Would you call this person a friend? Possibly, but not the BFF you call when your spouse is being ridiculous, kind of friend.

This person is more like a trusted mentor than a close personal friend. (And that’s how it should be.)

Now, for the more important question: Did he train you?

Let’s take it a step further: Did he inspire you into your best work?

Surprise: You are a leader!

Through Preceptor Pro, we’re going to show you how to be like the second coach.

Our goal is to provide a structure for creating this atmosphere and relationship dynamics that enable authentic learning to thrive.

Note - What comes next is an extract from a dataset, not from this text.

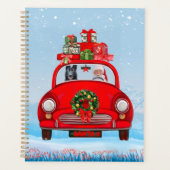 Schwarzer Schäferhund in Auto mit dem Weihnachtsma Planer (Vorderseite)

“Structure is essential in building anything that thrives.”

– Dr. Henry Cloud

Naturally, the only way to become a coach as effective as the one previously described, there’s going to be a lot of uncomfortable conversations. There will also be many times when you see the importance of something, but they don’t yet see the value in it. Some people hate being corrected. Some people are so nervous and scared that they won’t take any initiative at all. You may also have someone who struggles deeply with impostor syndrome, and every single misstep is like the end of the world to them.

Our job is to fully assess the person we’re assigned to train and where they truly are (not where we think they should be or where they’re pretending to be), tailor our techniques to meet their needs, and get the best work out of them.

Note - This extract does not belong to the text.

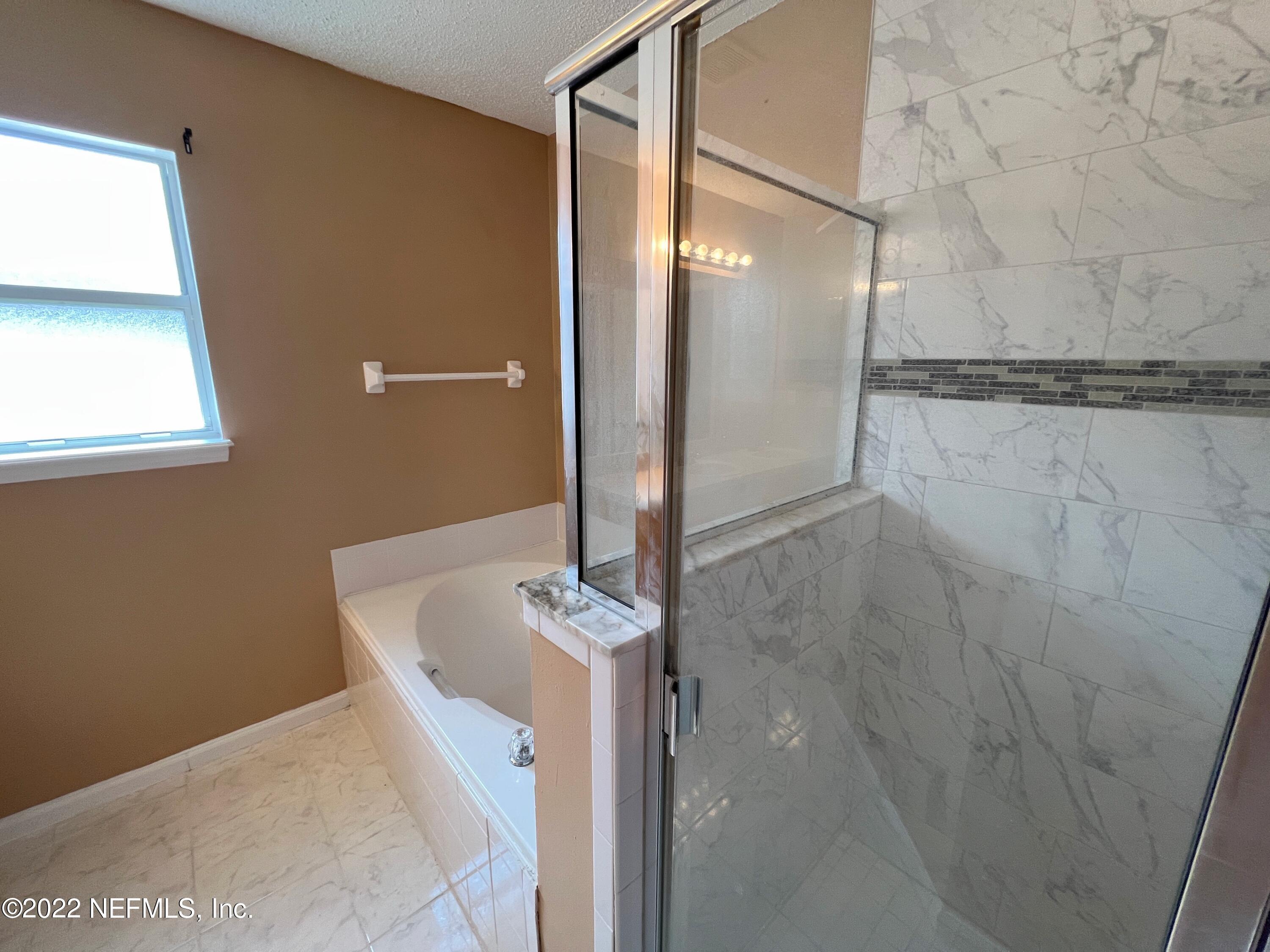 3742 Star Leaf Road West Jacksonville, FL 32210 - Photo 25 of 39 a bathroom with a bathtub and shower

Good leaders are keenly aware of the mindset and psychology of those they are leading. We invest time into learning that person and what motivates them, what makes them shut down, and more. It’s not being rigid about how you go about things and expecting the new hire to cater to your needs. It’s the other way around. That’s how you get the best out of people.

At the end of the day, what we want is a reliable teammate. That person we can put in the game and trust they’re going to (at minimum) perform to the degree that’s not going to sabotage our team effort and the progress we’re making. If we’re up by 10, we can’t put someone in who will be lazy on defense and let the other team take the lead. We’ve got to coach them into becoming reliable, who doesn’t need constant hand-holding, and with the right encouragement and challenge, someone who will rise to the occasion and become a valuable member of the team who pushes us forward to more wins. We want that person whom we can put into the game, and they’re going to not only make it, so we don’t lose the lead, but build even more onto it.

That’s the difference between mediocrity and greatness.

This work is not only a service to that individual but your unit as a whole.

My encouragement: View each new employee you’re training as a valuable and sacred opportunity to coach the next game-changer in your unit.